The national party, by all appearances, is not convinced. In New York, the delegations from coveted swing states attracted high-powered speakers at their breakfast meetings. George Bush pumped up the Florida contingent Wednesday. Ohio got Vice President Dick Cheney yesterday morning, hours after his acceptance speech.

Maryland's breakfasts featured plenty of enthusiasm, but it was drummed up from within by speakers such as state Sen. E.J. Pipkin, who is running for the U.S. Senate against incumbent Democrat Barbara A. Mikulski. The delegation had to leave its hotel and join other states to hear from Bush campaign manager Ken Mehlman, only to learn that the national party wanted to dispatch Maryland activists to swing state Pennsylvania for the final pre-election get-out-the-vote drive.

No way, said David Hale, president of the Calvert County Board of County Commissioners. He liked the ideas he heard for the so-called 72-hour plan and wants to use them in Southern Maryland.

The convention, Hale said Wednesday night from his seat inside Madison Square Garden, "gives you a kick emotionally, and that's what wins elections."

"No matter what you read in the paper, Maryland is a winnable state," he said.

To be sure, Republican candidates are a tough sell in parts of the state, particularly Baltimore. But Victor Clark, a director of small business development with the Governor's Office of Business Advocacy, said face-to-face communication in neighborhoods can win converts.

"We can only do what we've been doing, which is taking the message to the people in their homes," said Clark, 59, of West Baltimore, a lifelong Republican. "Everybody is trying to make it negative that the Republican National Committee is not paying attention to Maryland. But we have to make it happen."

In heavily Democratic Montgomery County, county GOP Chairman Steve Abrams said the use of new, technology-driven strategies - such as the rapid and regular e-mail distribution of campaign materials and messages - can help the outnumbered Republicans deliver just enough votes.

In Montgomery, "if I can hit a 35 percent threshold of the Republican vote [for president], it gives us a better than even chance of winning the state of Maryland," he said.

Contrary to its usual strong Democratic leanings, Maryland voted for George Bush in 1988, Ronald Reagan in 1984 and Richard Nixon in 1972. Four years ago, Al Gore carried the state by 17 percentage points.

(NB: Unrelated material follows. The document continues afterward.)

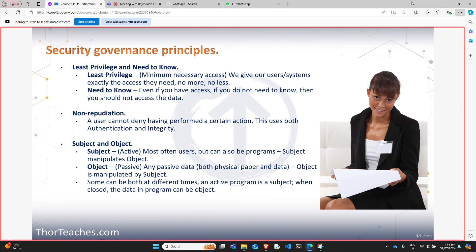A program can be both. If it accesses data somewhere else, it is a subject — a spreadsheet pulls data into its own program. When you access that program, it is now an object. Objects are passive — that is really any data, whether it's a piece of paper or data on a server. Objects are manipulated by subjects.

If grass-roots activists campaign on the message of Bush as a strong commander-in-chief that was on display at the convention, they can narrow the gap for him, said state Del. William J. Frank of Lutherville.

"We have to frame the debate as who will keep the country safe, Bush or Kerry. And we win that question," he said, noting that GOP presidential candidates have lost the past three elections in Baltimore County.

But Maryland's two most prominent Republicans, Gov. Robert L. Ehrlich Jr. and Lt. Gov. Michael S. Steele, will be spending more time in other states campaigning for the president than trying to boost the turnout in Montgomery County or help the effort in Baltimore.

Last week, Ehrlich said the president shouldn't visit Maryland and should focus his resources elsewhere. Delegates spent a lot of time here countering that message. One of the more novel defenses came from Pipkin, who said the governor was just being "modest" in not acknowledging the impact of his own win on state politics.